A new study has found that people who are genetically predisposed to reduced levels of high-density lipoprotein (HDL) cholesterol or a high level of triglycerides face a heightened risk of developing type 2 diabetes.
The research, carried out at the Harvard School of Public Health and published in Diabetes, monitored information on nearly 2,500 patients with type 2 diabetes from the Nurses’ Health Study, as well as over 3,000 control subjects who did not suffer from the metabolic condition.
They assessed the link between a person’s genetic predisposition to dyslipidemia – abnormal amount of lipids in the bloodstream – and the likelihood of developing type 2 diabetes.
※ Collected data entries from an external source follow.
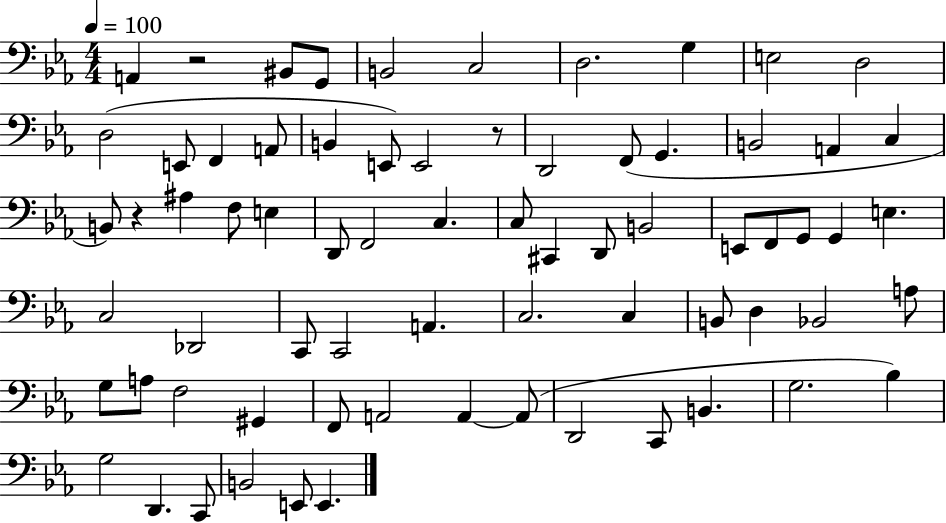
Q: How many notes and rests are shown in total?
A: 71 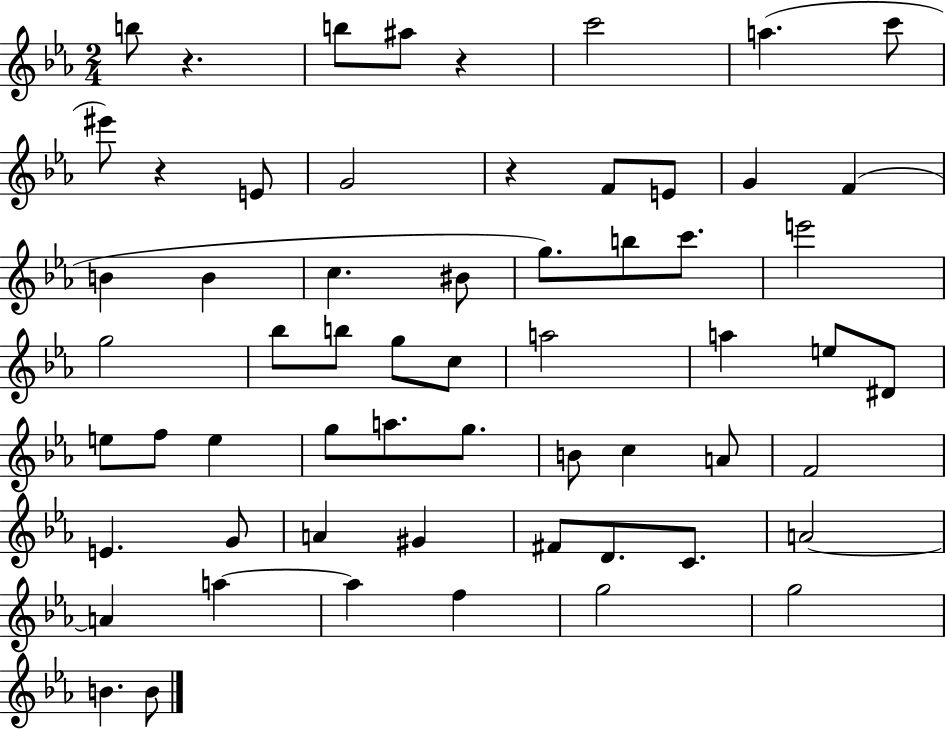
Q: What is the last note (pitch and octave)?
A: B4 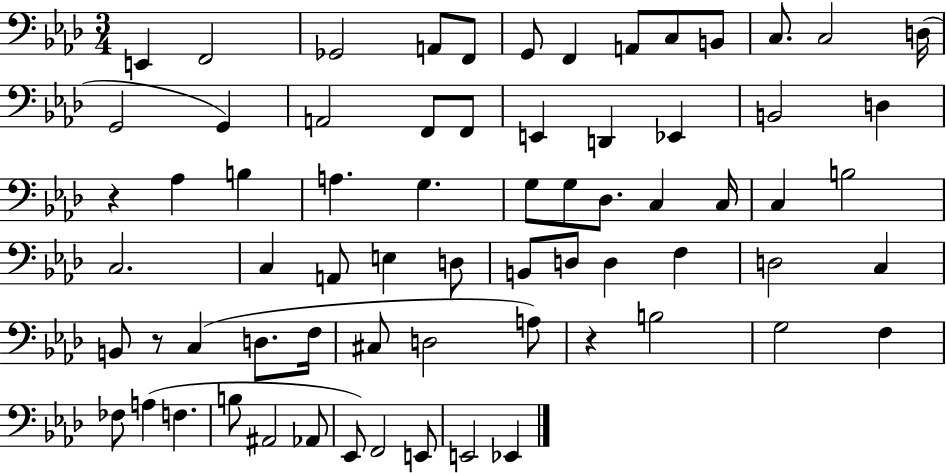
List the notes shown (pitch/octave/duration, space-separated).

E2/q F2/h Gb2/h A2/e F2/e G2/e F2/q A2/e C3/e B2/e C3/e. C3/h D3/s G2/h G2/q A2/h F2/e F2/e E2/q D2/q Eb2/q B2/h D3/q R/q Ab3/q B3/q A3/q. G3/q. G3/e G3/e Db3/e. C3/q C3/s C3/q B3/h C3/h. C3/q A2/e E3/q D3/e B2/e D3/e D3/q F3/q D3/h C3/q B2/e R/e C3/q D3/e. F3/s C#3/e D3/h A3/e R/q B3/h G3/h F3/q FES3/e A3/q F3/q. B3/e A#2/h Ab2/e Eb2/e F2/h E2/e E2/h Eb2/q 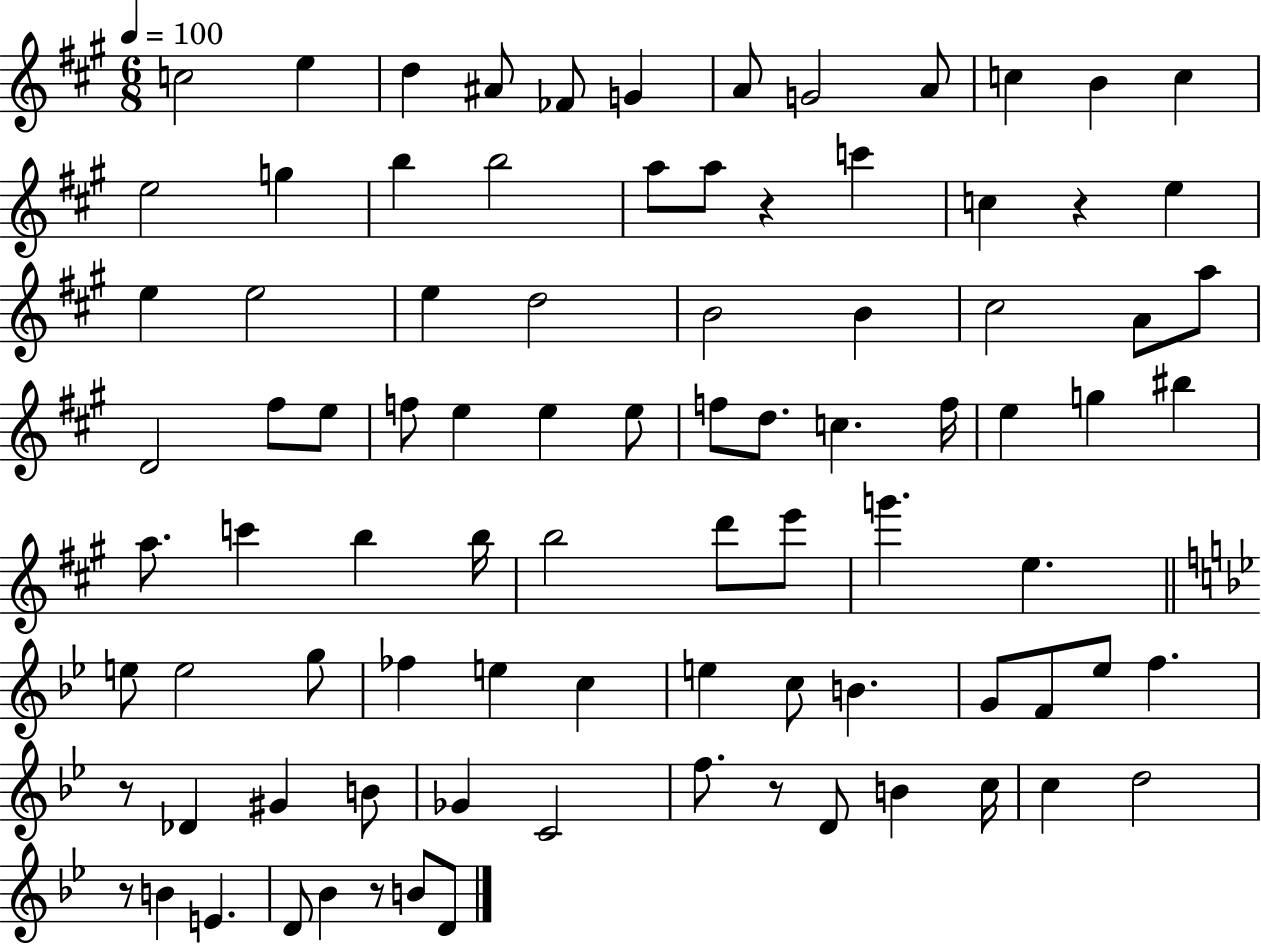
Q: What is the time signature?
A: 6/8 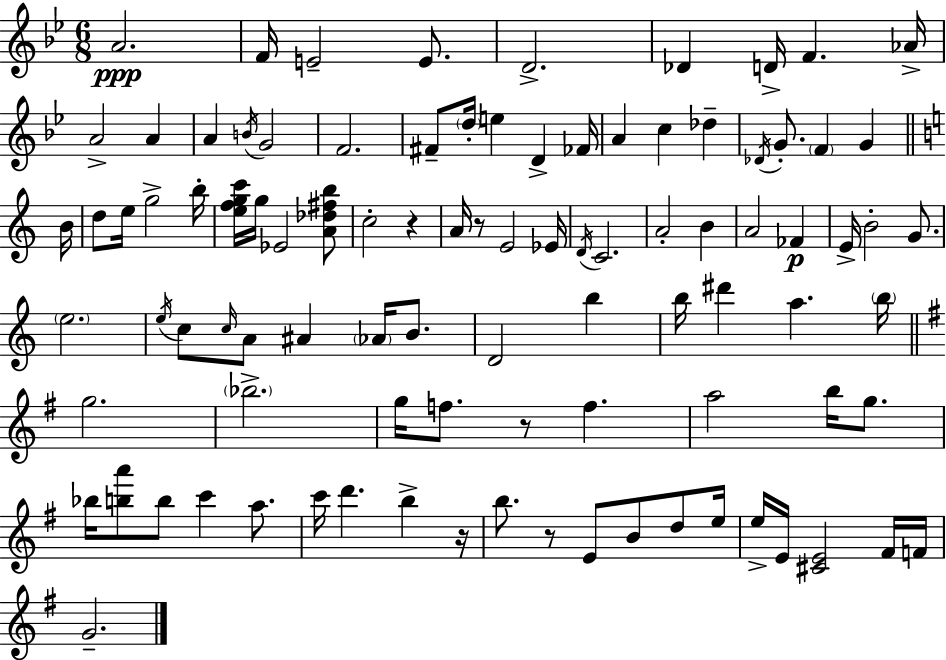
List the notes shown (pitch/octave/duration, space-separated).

A4/h. F4/s E4/h E4/e. D4/h. Db4/q D4/s F4/q. Ab4/s A4/h A4/q A4/q B4/s G4/h F4/h. F#4/e D5/s E5/q D4/q FES4/s A4/q C5/q Db5/q Db4/s G4/e. F4/q G4/q B4/s D5/e E5/s G5/h B5/s [E5,F5,G5,C6]/s G5/s Eb4/h [A4,Db5,F#5,B5]/e C5/h R/q A4/s R/e E4/h Eb4/s D4/s C4/h. A4/h B4/q A4/h FES4/q E4/s B4/h G4/e. E5/h. E5/s C5/e C5/s A4/e A#4/q Ab4/s B4/e. D4/h B5/q B5/s D#6/q A5/q. B5/s G5/h. Bb5/h. G5/s F5/e. R/e F5/q. A5/h B5/s G5/e. Bb5/s [B5,A6]/e B5/e C6/q A5/e. C6/s D6/q. B5/q R/s B5/e. R/e E4/e B4/e D5/e E5/s E5/s E4/s [C#4,E4]/h F#4/s F4/s G4/h. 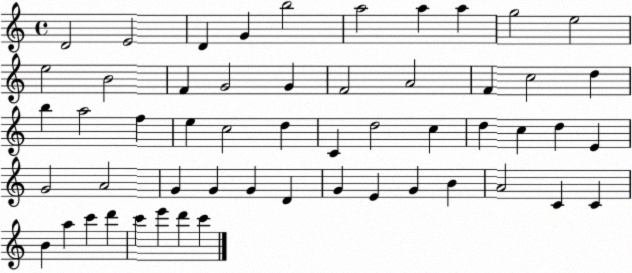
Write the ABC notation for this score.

X:1
T:Untitled
M:4/4
L:1/4
K:C
D2 E2 D G b2 a2 a a g2 e2 e2 B2 F G2 G F2 A2 F c2 d b a2 f e c2 d C d2 c d c d E G2 A2 G G G D G E G B A2 C C B a c' d' c' e' d' c' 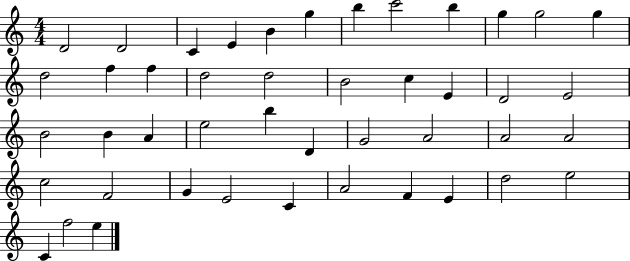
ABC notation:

X:1
T:Untitled
M:4/4
L:1/4
K:C
D2 D2 C E B g b c'2 b g g2 g d2 f f d2 d2 B2 c E D2 E2 B2 B A e2 b D G2 A2 A2 A2 c2 F2 G E2 C A2 F E d2 e2 C f2 e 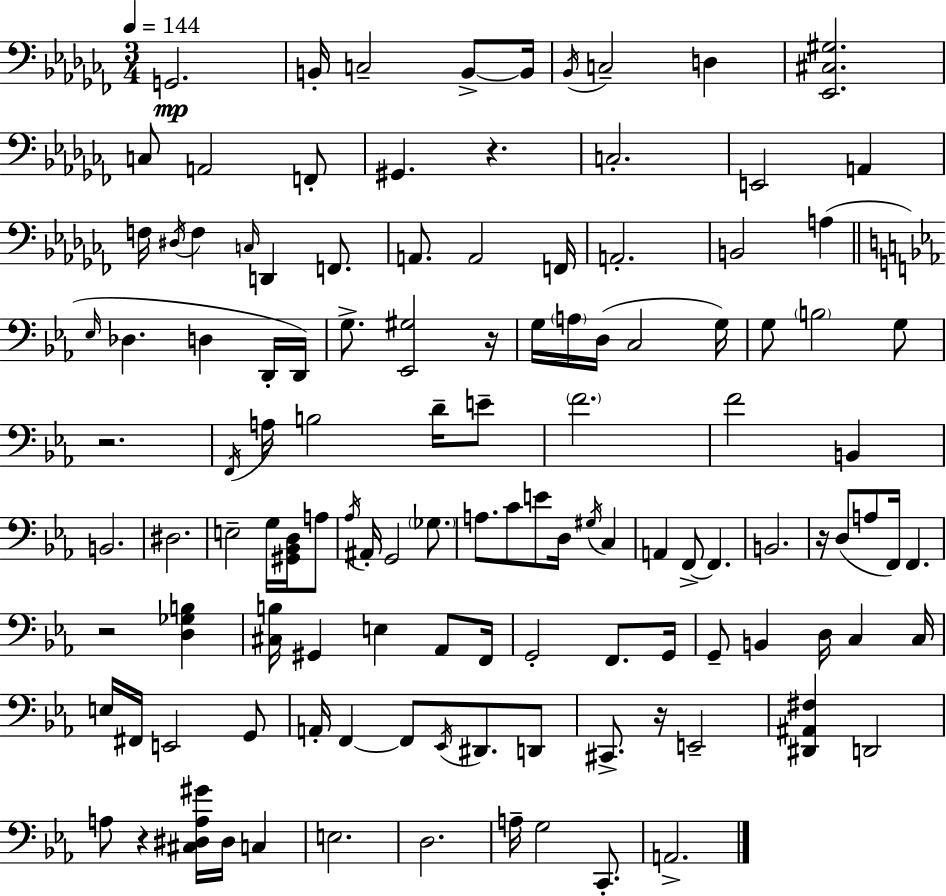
{
  \clef bass
  \numericTimeSignature
  \time 3/4
  \key aes \minor
  \tempo 4 = 144
  g,2.\mp | b,16-. c2-- b,8->~~ b,16 | \acciaccatura { bes,16 } c2-- d4 | <ees, cis gis>2. | \break c8 a,2 f,8-. | gis,4. r4. | c2.-. | e,2 a,4 | \break f16 \acciaccatura { dis16 } f4 \grace { c16 } d,4 | f,8. a,8. a,2 | f,16 a,2.-. | b,2 a4( | \break \bar "||" \break \key ees \major \grace { ees16 } des4. d4 d,16-. | d,16) g8.-> <ees, gis>2 | r16 g16 \parenthesize a16 d16( c2 | g16) g8 \parenthesize b2 g8 | \break r2. | \acciaccatura { f,16 } a16 b2 d'16-- | e'8-- \parenthesize f'2. | f'2 b,4 | \break b,2. | dis2. | e2-- g16 <gis, bes, d>16 | a8 \acciaccatura { aes16 } ais,16-. g,2 | \break \parenthesize ges8. a8. c'8 e'8 d16 \acciaccatura { gis16 } | c4 a,4 f,8->~~ f,4. | b,2. | r16 d8( a8 f,16) f,4. | \break r2 | <d ges b>4 <cis b>16 gis,4 e4 | aes,8 f,16 g,2-. | f,8. g,16 g,8-- b,4 d16 c4 | \break c16 e16 fis,16 e,2 | g,8 a,16-. f,4~~ f,8 \acciaccatura { ees,16 } | dis,8. d,8 cis,8.-> r16 e,2-- | <dis, ais, fis>4 d,2 | \break a8 r4 <cis dis a gis'>16 | dis16 c4 e2. | d2. | a16-- g2 | \break c,8.-. a,2.-> | \bar "|."
} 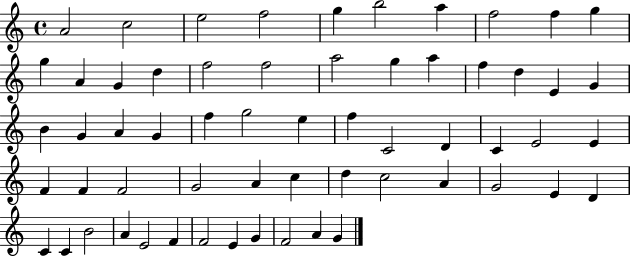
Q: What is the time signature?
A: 4/4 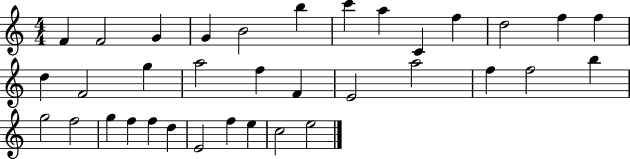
{
  \clef treble
  \numericTimeSignature
  \time 4/4
  \key c \major
  f'4 f'2 g'4 | g'4 b'2 b''4 | c'''4 a''4 c'4 f''4 | d''2 f''4 f''4 | \break d''4 f'2 g''4 | a''2 f''4 f'4 | e'2 a''2 | f''4 f''2 b''4 | \break g''2 f''2 | g''4 f''4 f''4 d''4 | e'2 f''4 e''4 | c''2 e''2 | \break \bar "|."
} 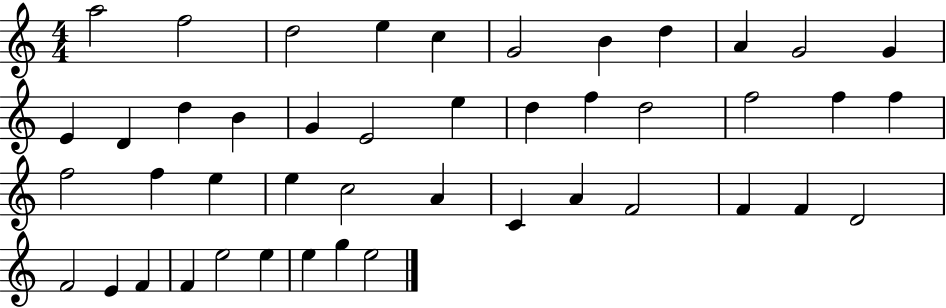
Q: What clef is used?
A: treble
On checking genotype scores for HDL cholesterol, and also low-density lipoprotein (LDL) cholesterol and triglycerides, it was revealed that just the scores for HDL cholesterol and triglycerides were linked with an increased risk of type 2 diabetes.
For each point in the score for the HDL cholesterol genotype, a 3 per cent increase in the risk of developing type 2 diabetes was show, while each point on the triglyceride genotype score meant a rise of 2 per cent. When the highest and lowest quartiles of genotype scores were compared, the ratio for type 2 diabetes was 1.39 for HDL cholesterol and 1.19 for triglycerides.
The report stated that “genetic predisposition to low HDL cholesterol or high triglycerides is related to elevated type 2 diabetes risk.”